Monday, December 15, 2008

Second Wife/화요일 남편

I met some of Min Gi's computer school friends once before on the eve of a wedding for one of them. It was after a long night of drinking for both their group and my swing club. All of them are older than me (though one by only two months, which makes him the same Chinese zodiac sign as me, but not the same age, apparently), but he's the second oldest in the group, so they all called me 형수님, which means "older brother's person (wife/girlfriend/whatever)."

I nearly died the first time one of them said it. I know in Korean culture it's polite and appropriate, but I don't appreciate being referred to as anyone's person, especially not with the whole complex respect automatically given to age in this country. I told them just to call me Diana. One of them balked at this still, but I think it's just too ingrained into him to be a Korean gentleman. Eventually we settled that he can call me a nickname based off my Korean name, 다인이. A fine compromise.

On Friday, they were getting together again, and Min Gi invited me to go. Since it was my last chance at freedom for the weekend, I readily agreed.

Some of the members of their group who didn't make it out the last time I met them all turned out to be quite fun as well. One of them, who introduced himself as James Dean, took quite a shining to me. By the time we were on the second or third round of soju, I was speaking enough Korean for him to inform me that I would be his second wife (he said that phrase in English, but the rest of the conversation for the evening proceeded in bad Korean--forgive the mistakes below!).

"하지만, 한국에서 두번째아내들 없어요. But in Korea there are no second wives."

"괜찮아요. 당신은 외국사람이예요. That's ok. You're a foreigner!" We all laughed at this.

"아마도 남편 결혼하고 싶지 않아요. Maybe I don't want to marry a husband."

"제발? Please?"

I think about it a moment.

"요리해요? Do you cook?"

He grabs the tongs for the shellfish from the man who had been cooking and proceeds to demonstrate what a fine cook he is.

"청소해요? Do you clean?"

He takes up one of the wet towels we used to wipe our hands before beginning to eat and scrubs down the table.

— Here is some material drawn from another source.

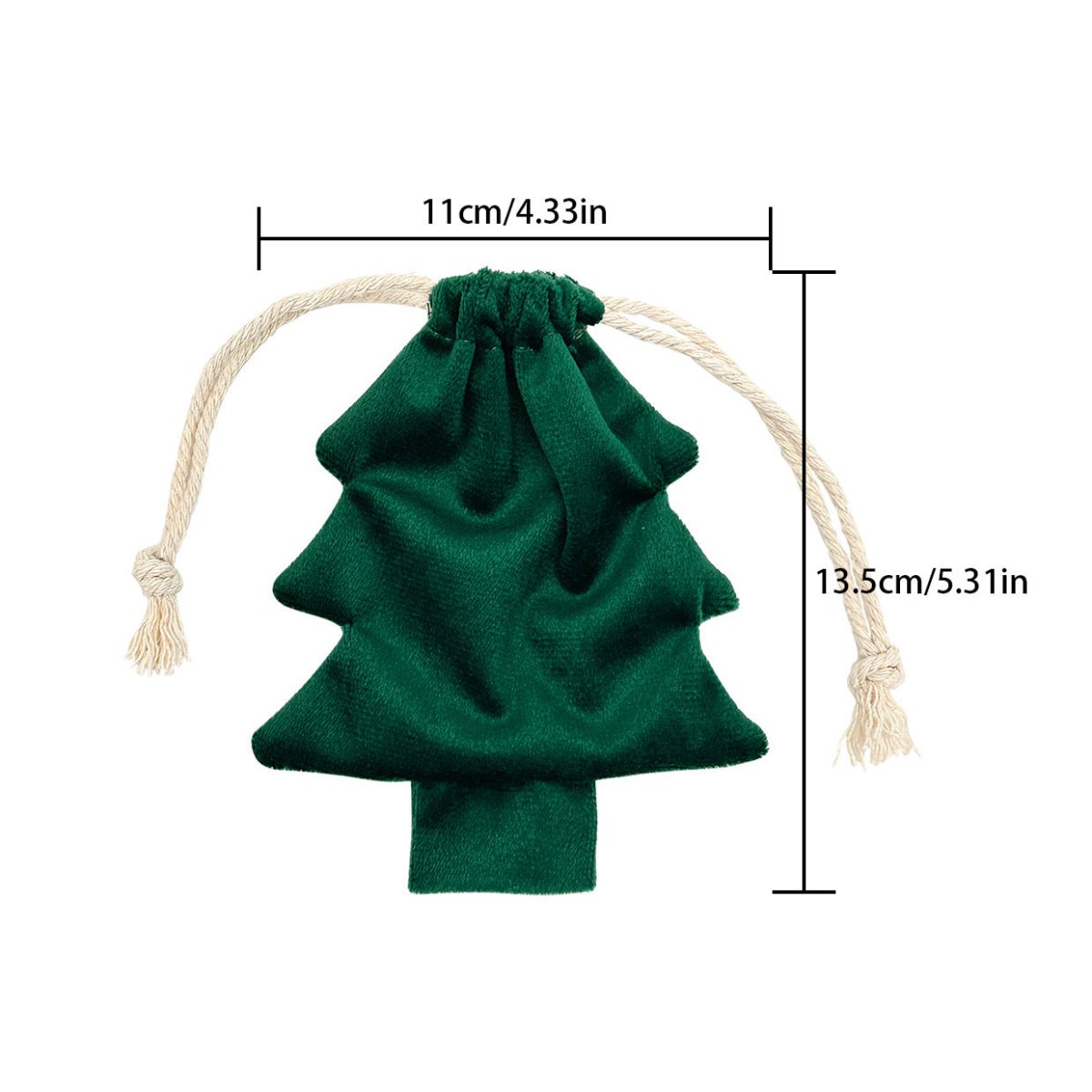 Christmas Tree Shape Velvet Drawstring Gift Pouches, Xmas Candy Jewelry Storage Bags| 2 Sizes, 2pcs/Pack | Mixable Colors - Laribbons Custom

"응... 아마도 화요일 남편이예요. Maybe you are my Tuesday husband."

Everyone laughed.

It feels so amazing to pull off a joke in a second language... even if your skills in that language are still at a very low level. After that, I was pretty much accepted into the group, and even the guys who hadn't met me before had few reservations about talking to a foreigner in her broken Korean. It was a fine evening.